In his statement released by the NJDOE late this afternoon, Commissioner Hespe stated, “I would like to thank all the educators and students in our districts for their flexibility, patience, and continued dedication to providing a positive testing experience for our students. We apologize for Pearson’s failures and we will hold Pearson accountable for today’s disruptions. We are committed to making sure such disruptions do not happen again.” He added, “We appreciate your continued leadership and tremendous efforts in ensuring a positive testing experience for your students.  The Department will continue to be engaged with Pearson on this issue and will hold Pearson accountable for their failures today.”  In the brief letter to districts, it was unclear what “hold Pearson accountable” means.

Laura Howe, Pearson’s Vice President for Media and Communications ,released the following statement regarding today’s failure: “Pearson is truly sorry for an issue this morning that caused a disruption for New Jersey families and their students and resulted in the cancellation of PARCC testing today in many school districts. We know that students and teachers have put in a tremendous amount of work to master the high academic standards set forth in New Jersey, and they deserve a smooth testing experience.

Every resource at our disposal is being directed toward identifying the cause of the problem and correcting it as soon as possible without creating any additional inconvenience. While our internal review into what went wrong is not yet complete, we’ve been able to ascertain that this was a technical glitch introduced by a Pearson employee — not a problem with server capacity or the student testing system.

Last night, in an effort to optimize performance of the test administration system used in New Jersey, Pearson made some adjustments that were deployed Tuesday night through Wednesday morning. In doing this, Pearson introduced an unexpected problem that restricted access to the administrative system. We are correcting the issue and will work to ensure it does not happen again.

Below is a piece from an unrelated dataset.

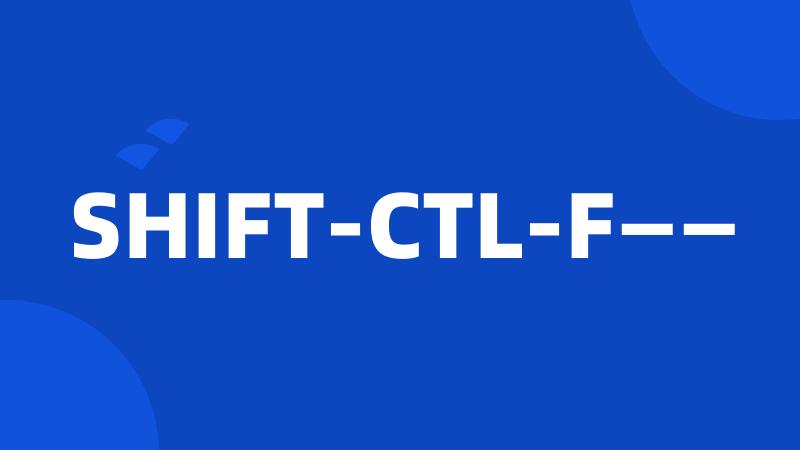 SHIFT-CTL-F——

We do apologize and continue to communicate with the New Jersey Department of Education with any and all updates.”   The fault with the testing, then, lay with a single employee of Pearson who adjusted the system, according to the Pearson spokesperson.  As a result, all New Jersey students in grade 3 to 11 lost a full day of instruction.

Laura Slover, CEO of PARCC Inc., the project manager for the PARCC assessment, stated, “We are disappointed by the disruptions in testing that were created today as a result of errors on the part of Pearson. These kinds of mistakes are unacceptable. 

The PARCC test is broadly considered the best assessment in the nation not only because of its industry-best capacity to accurately measure academic skills and knowledge, but also because of its superior technical quality. Since PARCC assessments were launched last year, over 17 million online PARCC tests have been successfully administered without disruption, including the 2.5 million tests this spring.   

Mistakes like the one that occurred today are indefensible. It is important to us that these tests be administered in a way that eliminates avoidable disruptions and inconveniences, and earlier today, leaders from New Jersey and PARCC Inc. delivered that message to Pearson in the strongest possible terms.”

Pearson Education was on the line today for its disturbance of students’ education, test delivery, and assessment implementation.  Called “indefensible mistakes,” “disruptions,” and “massive failures,” the enormous problems seem unlikely to have been caused by a “technical glitch introduced by a Pearson employee.”   Talk about being thrown under the school bus.